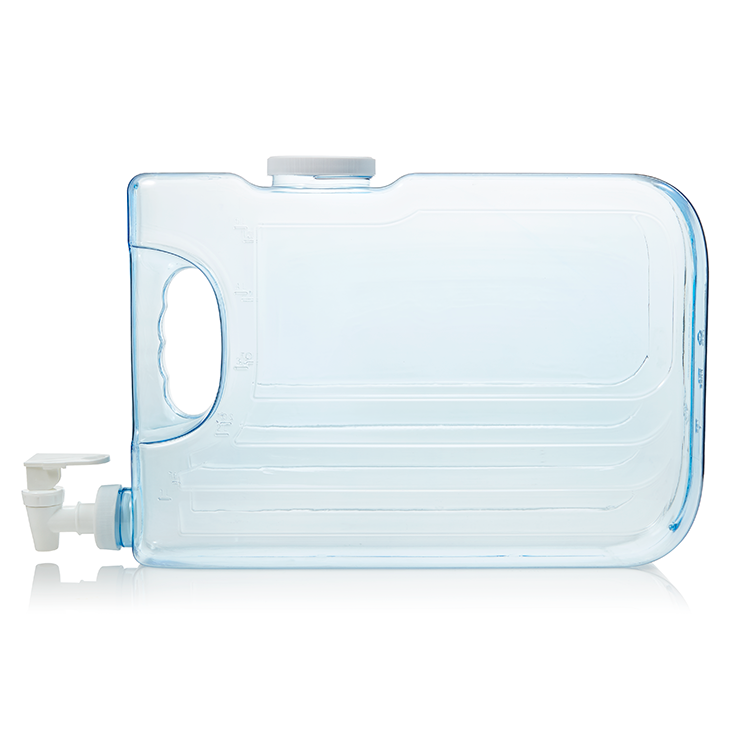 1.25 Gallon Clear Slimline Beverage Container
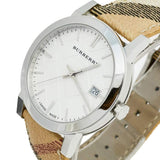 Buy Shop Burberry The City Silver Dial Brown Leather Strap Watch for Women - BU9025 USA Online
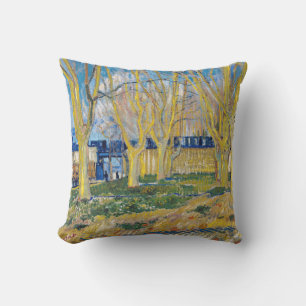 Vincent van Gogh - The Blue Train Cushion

#### Instructions to follow
Reproduce each line above exactly, but not a single picture.

#### Answer area
 1.25 Gallon Clear Slimline Beverage Container
 Buy Shop Burberry The City Silver Dial Brown Leather Strap Watch for Women - BU9025 USA Online
 Vincent van Gogh - The Blue Train Cushion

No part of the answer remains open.